South West Wales

Summer operation to control Tenby anti-social behaviour

Insp Aled Davies (l) and Sgt Steve Dawkins (r)
Image caption Insp Aled Davies (l) and Sgt Steve Dawkins (r) want to stop anti-social behaviour before it reaches Tenby

Police have launched their biggest operation to control anti-social behaviour in a Pembrokeshire town where the population can increase 10-fold over the summer.

There will be extra officers in the centre of Tenby at weekends, and on the trains coming into the town.

Arriva Trains Wales will also deploy extra security guards.

The idea of Operation Lion is to try to stop some anti-social behaviour before it even reaches Tenby.

It is in its fifth year, but has been getting bigger every time.

The town centre has been a "controlled drinking zone", where drinking on the streets is banned, since 2014.
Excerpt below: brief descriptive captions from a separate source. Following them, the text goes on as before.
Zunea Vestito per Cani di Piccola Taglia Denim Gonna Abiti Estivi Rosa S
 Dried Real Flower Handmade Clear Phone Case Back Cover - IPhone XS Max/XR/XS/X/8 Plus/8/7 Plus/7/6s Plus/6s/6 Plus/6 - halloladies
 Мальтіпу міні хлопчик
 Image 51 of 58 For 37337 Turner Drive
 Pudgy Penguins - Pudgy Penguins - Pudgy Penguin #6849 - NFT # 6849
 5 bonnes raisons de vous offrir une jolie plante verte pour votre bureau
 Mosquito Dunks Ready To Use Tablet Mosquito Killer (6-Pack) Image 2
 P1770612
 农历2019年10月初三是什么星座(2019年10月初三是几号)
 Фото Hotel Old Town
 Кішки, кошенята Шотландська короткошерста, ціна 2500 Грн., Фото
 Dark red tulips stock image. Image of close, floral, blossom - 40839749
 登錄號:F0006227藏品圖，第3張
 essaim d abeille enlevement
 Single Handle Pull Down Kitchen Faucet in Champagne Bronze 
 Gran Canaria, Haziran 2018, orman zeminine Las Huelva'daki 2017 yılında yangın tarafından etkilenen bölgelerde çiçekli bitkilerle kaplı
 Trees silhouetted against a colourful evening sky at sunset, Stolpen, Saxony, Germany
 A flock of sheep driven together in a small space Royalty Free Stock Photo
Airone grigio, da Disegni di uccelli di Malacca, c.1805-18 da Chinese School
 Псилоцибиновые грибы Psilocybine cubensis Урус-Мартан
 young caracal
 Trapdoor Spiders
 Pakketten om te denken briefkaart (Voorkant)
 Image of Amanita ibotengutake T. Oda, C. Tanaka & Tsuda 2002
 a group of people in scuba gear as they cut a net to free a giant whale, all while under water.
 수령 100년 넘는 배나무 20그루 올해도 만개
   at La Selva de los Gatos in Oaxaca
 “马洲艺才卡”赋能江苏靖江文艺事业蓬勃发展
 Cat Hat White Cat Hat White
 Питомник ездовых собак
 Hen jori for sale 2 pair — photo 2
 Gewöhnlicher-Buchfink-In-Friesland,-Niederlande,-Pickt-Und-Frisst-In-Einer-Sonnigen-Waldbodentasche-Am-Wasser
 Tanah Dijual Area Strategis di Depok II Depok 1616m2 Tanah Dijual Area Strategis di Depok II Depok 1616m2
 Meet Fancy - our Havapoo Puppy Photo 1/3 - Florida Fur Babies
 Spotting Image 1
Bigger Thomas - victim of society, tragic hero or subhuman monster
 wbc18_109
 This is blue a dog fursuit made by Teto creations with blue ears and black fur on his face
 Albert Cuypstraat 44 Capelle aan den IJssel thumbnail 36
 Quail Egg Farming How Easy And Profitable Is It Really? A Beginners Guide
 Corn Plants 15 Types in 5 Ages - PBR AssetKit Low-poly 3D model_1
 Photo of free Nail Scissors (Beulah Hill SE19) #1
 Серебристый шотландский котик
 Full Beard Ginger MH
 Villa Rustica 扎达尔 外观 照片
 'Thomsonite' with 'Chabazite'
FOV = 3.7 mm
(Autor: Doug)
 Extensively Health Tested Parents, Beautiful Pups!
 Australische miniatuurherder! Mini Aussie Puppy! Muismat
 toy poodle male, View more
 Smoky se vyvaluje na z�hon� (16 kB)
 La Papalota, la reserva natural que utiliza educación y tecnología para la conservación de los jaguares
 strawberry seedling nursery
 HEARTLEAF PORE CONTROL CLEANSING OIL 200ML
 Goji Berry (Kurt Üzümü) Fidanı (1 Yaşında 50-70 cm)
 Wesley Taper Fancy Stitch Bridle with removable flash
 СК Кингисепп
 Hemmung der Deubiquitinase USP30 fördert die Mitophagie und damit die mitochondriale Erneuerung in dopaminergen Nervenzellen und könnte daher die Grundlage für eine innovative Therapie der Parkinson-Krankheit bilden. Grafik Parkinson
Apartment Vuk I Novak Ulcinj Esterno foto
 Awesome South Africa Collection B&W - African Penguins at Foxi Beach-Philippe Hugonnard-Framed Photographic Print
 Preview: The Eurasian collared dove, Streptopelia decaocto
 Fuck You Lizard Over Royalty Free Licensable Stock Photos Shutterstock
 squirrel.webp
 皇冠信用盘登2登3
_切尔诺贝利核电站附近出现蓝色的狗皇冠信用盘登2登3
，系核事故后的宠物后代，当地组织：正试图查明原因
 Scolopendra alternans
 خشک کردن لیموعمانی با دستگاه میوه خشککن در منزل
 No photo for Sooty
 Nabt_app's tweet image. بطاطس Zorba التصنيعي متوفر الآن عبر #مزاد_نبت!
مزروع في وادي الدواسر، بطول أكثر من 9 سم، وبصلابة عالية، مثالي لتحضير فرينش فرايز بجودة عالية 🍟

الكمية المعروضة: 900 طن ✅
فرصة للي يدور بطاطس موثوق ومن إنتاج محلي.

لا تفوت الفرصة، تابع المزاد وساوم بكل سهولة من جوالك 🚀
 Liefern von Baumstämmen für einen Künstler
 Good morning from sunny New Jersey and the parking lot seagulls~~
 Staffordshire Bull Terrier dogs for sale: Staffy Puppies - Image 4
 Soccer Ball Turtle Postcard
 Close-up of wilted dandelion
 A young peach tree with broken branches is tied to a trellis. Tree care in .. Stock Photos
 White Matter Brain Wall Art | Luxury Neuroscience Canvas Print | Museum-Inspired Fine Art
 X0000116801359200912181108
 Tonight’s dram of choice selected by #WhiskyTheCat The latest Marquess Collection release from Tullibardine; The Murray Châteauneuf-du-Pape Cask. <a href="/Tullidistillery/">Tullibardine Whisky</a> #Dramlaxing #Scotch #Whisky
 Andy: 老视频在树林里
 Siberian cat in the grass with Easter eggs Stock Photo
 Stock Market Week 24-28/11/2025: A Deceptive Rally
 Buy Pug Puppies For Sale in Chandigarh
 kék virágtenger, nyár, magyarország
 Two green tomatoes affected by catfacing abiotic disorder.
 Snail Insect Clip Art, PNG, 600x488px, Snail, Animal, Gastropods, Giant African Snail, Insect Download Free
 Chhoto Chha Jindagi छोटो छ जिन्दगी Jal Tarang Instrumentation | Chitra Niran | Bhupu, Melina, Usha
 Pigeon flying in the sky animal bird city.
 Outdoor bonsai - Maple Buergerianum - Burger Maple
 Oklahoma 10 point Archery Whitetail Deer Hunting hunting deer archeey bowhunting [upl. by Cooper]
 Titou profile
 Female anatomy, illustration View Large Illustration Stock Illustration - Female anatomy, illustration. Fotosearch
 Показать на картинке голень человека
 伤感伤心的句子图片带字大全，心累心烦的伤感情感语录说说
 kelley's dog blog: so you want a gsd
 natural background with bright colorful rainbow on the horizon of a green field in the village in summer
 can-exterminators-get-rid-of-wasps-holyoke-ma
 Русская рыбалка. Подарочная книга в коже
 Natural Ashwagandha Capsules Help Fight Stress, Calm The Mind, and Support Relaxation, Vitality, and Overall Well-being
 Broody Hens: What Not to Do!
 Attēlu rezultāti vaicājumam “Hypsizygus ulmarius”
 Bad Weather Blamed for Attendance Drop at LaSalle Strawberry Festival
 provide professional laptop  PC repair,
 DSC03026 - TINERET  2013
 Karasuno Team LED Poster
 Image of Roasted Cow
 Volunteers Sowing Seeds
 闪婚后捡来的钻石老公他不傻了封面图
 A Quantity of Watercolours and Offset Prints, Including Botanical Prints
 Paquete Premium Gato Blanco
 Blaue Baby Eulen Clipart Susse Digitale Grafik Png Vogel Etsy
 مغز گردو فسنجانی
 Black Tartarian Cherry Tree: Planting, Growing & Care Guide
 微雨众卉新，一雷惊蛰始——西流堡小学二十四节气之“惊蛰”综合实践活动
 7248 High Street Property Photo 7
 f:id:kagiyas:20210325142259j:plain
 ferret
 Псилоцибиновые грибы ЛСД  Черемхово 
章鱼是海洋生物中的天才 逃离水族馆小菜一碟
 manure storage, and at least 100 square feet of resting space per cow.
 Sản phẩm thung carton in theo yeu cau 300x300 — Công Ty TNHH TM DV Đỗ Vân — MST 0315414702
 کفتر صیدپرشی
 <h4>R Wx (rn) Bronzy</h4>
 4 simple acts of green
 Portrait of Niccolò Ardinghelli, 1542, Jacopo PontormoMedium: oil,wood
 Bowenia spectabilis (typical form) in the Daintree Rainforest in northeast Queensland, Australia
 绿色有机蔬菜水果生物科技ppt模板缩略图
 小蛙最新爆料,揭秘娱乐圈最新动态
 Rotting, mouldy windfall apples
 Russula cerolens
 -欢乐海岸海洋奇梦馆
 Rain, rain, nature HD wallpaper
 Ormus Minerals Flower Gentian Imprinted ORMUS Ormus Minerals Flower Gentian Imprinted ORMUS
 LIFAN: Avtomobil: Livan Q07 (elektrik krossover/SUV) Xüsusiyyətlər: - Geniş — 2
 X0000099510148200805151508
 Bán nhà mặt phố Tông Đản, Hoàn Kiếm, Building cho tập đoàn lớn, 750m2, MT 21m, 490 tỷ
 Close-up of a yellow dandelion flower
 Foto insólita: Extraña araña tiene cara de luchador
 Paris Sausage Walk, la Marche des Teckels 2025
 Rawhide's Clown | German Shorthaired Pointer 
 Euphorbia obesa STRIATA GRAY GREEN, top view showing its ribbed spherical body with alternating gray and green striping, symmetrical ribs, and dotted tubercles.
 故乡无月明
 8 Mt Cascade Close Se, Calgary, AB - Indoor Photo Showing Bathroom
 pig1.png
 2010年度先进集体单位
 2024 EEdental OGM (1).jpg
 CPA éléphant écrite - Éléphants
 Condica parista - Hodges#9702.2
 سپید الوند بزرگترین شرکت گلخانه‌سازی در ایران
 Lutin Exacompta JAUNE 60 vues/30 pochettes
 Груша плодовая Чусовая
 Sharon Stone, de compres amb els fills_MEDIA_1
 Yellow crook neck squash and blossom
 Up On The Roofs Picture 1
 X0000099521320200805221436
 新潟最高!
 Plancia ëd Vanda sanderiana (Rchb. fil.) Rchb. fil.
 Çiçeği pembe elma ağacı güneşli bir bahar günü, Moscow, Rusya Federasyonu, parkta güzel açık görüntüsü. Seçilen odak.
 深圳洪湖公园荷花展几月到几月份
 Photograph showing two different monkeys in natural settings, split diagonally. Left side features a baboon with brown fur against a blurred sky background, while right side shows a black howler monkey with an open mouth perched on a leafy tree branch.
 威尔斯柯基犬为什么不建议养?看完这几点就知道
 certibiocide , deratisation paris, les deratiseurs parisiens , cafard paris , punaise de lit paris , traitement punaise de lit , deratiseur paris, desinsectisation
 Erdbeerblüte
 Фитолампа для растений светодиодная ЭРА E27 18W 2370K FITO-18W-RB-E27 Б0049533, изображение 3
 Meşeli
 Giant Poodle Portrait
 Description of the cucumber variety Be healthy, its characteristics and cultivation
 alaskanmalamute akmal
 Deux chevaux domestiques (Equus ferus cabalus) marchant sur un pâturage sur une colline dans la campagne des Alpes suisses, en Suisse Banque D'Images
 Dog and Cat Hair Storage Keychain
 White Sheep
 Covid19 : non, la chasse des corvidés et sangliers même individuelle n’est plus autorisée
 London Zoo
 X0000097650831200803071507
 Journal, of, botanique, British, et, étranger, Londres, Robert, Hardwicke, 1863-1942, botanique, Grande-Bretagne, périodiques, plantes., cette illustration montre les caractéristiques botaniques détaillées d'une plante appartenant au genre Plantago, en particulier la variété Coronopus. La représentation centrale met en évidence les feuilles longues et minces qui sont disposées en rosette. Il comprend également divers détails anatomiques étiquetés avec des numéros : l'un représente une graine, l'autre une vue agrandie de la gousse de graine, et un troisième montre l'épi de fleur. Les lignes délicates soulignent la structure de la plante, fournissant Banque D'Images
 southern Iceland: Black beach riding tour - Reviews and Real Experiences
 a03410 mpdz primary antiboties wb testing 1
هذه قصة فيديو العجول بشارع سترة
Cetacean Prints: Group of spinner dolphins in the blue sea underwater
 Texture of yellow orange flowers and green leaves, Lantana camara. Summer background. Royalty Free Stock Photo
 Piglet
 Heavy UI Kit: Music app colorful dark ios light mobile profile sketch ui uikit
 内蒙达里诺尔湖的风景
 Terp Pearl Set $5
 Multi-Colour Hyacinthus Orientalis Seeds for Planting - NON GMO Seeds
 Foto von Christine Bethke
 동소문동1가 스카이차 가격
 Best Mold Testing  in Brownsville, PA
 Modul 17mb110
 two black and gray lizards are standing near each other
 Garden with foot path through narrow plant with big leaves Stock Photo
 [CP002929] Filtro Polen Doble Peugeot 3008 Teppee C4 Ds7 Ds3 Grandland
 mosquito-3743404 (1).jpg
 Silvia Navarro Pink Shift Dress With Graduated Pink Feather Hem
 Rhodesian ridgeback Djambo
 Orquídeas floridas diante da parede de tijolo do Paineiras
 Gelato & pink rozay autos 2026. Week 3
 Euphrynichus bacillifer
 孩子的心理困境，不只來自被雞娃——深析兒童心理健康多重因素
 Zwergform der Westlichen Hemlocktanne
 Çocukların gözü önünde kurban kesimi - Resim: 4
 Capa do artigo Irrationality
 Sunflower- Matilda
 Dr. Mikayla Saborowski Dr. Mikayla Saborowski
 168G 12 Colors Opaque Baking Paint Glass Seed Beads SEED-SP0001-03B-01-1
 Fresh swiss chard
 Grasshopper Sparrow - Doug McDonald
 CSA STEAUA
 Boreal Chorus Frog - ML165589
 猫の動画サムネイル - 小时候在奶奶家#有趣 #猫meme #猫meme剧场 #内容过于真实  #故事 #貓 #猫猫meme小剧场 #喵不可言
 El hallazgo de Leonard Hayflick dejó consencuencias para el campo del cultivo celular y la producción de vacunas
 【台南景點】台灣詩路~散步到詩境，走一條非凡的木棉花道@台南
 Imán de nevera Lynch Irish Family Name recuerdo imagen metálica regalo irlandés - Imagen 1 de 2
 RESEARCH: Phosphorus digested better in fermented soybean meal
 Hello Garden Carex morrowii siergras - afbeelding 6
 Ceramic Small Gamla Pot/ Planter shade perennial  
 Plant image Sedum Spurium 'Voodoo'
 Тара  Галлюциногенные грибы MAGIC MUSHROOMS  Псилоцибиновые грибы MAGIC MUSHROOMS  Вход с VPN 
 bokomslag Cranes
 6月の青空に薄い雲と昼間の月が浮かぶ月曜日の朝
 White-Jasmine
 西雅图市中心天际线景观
Insp Aled Davies, of Dyfed-Powys Police, said: "The population of Tenby is normally around 5,000 to 6,000, but in the summer that can go to 60,000.

"Ninety-nine per cent of people who come to Tenby want to come down and enjoy the town as holidaymakers and as visitors, and all we ask is that people who come down here respect the town.

"In the past we have seen a minority of people come to Tenby to visit the pubs and clubs, who then cause trouble due to drinking too much alcohol.

"Behave yourselves, because we will take positive action."

Last year two British Transport Police officers were assaulted and Sgt Steve Dawkins, of the British Transport Police, said it had got out of hand.

"We want to get the message across to keep a clear head, and not let one moment of madness spoil the rest of your life," he said.

"People shouldn't be concerned to see additional police officers on patrol during July and August, which is traditionally an extremely busy time on the rail network.

"Our officers will be on hand to help make sure revellers not only reach the festivities, but also get home again safely."